If the system clock is wrong or if a client intentionally future-dates requests, the signed time might not be the time the signature was generated. This limits how much s3:signatureAge can control solutions. A solution that uses the current time when it generates signatures is limited in the expected way: The signatures remain valid for the number of milliseconds specified in s3:signatureAge. A solution that doesn't use the current time will have different limits. One restriction is that the credentials that were used to sign the signature must still be valid. As an administrator, you can control the maximum validity of temporary credentials issued. You can allow the credentials to be valid for up to 36 hours or restrict validity to as low as 15 minutes. The expiration of temporary credentials isn't dependent on the value of X-Amz-Date.

Permanent credentials don't have this restriction. Using only temporary credentials is a best practice, and you can explicitly revoke any permanent credential, which would also invalidate any signatures based upon that credential.

Although s3:signatureAge is measured in milliseconds, it isn't practical to set it to less than 60 seconds, even if you have a well-synchronized clock and low-latency usage. Settings that are lower than 60 seconds carry the risk of rejecting valid requests. If you expect delays between signature generation and request submission, or issues with clock synchronization, you should account for these in your management of s3:signatureAge.

Targeting buckets at scale

SCPs and RCPs can use aws:PrincipalTag to make exceptions for users. You can't use tags on a bucket to control access through aws:ResourceTag―only object tags are used for access control. It isn't generally scalable to add a tag to every object you want to apply this control to. 

A solution that fits many use cases is to apply the policy and exception at the account level, either by changing the accounts that the SCP or RCP applies to or by using aws:ResourceAccount, aws:ResourceOrgPaths, or aws:ResourceOrgID. For example, an SCP or RCP might be applied to a set of production accounts.

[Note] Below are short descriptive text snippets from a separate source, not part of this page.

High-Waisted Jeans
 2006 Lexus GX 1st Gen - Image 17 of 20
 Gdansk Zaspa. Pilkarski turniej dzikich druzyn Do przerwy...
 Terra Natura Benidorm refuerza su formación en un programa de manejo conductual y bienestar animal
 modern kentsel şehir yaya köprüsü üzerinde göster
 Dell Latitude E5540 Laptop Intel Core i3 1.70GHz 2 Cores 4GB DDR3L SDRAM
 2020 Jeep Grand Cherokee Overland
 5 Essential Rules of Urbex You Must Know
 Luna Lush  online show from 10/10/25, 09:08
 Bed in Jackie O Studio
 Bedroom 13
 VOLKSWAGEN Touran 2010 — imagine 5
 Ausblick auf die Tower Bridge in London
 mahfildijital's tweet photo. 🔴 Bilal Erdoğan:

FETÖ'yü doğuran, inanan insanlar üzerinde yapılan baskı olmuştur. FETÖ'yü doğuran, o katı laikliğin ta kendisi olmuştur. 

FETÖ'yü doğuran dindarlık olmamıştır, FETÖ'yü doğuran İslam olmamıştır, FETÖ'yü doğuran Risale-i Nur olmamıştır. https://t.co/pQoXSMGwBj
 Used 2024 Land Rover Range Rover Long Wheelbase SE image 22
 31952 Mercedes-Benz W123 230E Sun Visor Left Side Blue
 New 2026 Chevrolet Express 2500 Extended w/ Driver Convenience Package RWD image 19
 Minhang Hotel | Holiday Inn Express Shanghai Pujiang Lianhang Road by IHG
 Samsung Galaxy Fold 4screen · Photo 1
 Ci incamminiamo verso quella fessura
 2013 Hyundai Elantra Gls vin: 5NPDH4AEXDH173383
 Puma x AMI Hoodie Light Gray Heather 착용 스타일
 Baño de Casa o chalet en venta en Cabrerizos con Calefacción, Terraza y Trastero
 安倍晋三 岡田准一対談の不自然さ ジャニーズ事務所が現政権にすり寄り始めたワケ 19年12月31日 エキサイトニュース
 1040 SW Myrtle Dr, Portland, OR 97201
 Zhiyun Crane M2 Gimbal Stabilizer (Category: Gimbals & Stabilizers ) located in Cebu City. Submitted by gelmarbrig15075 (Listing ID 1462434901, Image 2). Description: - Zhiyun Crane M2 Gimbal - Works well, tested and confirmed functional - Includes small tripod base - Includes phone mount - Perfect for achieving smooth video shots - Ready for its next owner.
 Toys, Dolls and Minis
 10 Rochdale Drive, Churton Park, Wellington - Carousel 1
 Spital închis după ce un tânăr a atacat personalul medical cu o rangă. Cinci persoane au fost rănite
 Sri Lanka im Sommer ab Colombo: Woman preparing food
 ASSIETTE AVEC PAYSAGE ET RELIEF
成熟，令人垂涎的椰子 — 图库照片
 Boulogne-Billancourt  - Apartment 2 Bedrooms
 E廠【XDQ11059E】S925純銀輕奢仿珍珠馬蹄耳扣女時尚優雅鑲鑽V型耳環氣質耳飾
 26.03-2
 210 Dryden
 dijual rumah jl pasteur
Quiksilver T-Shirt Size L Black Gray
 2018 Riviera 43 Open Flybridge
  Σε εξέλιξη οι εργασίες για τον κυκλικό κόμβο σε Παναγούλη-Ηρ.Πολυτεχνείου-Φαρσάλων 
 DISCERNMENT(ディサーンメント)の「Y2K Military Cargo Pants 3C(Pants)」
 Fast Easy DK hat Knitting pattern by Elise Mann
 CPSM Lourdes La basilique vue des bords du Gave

Another solution is to use a custom AWS Config rule to implement a detective control or responsive control. The goal would be for every bucket to contain a bucket policy with the appropriate guardrail. In addition to testing the content of a bucket policy, the custom AWS Config rule can retrieve the tags from the bucket and exclude the bucket from the rule if the bucket is tagged with a specific value. If that rule fails its compliance check, it could either mark the bucket as non-compliant or invoke a remediation to add the guardrail to the bucket's policy.

Note

You can't restrict the tag content of requests to PutBucketTagging. To maintain control over how a bucket is tagged, you must limit access to PutBucketTagging and DeleteBucketTagging.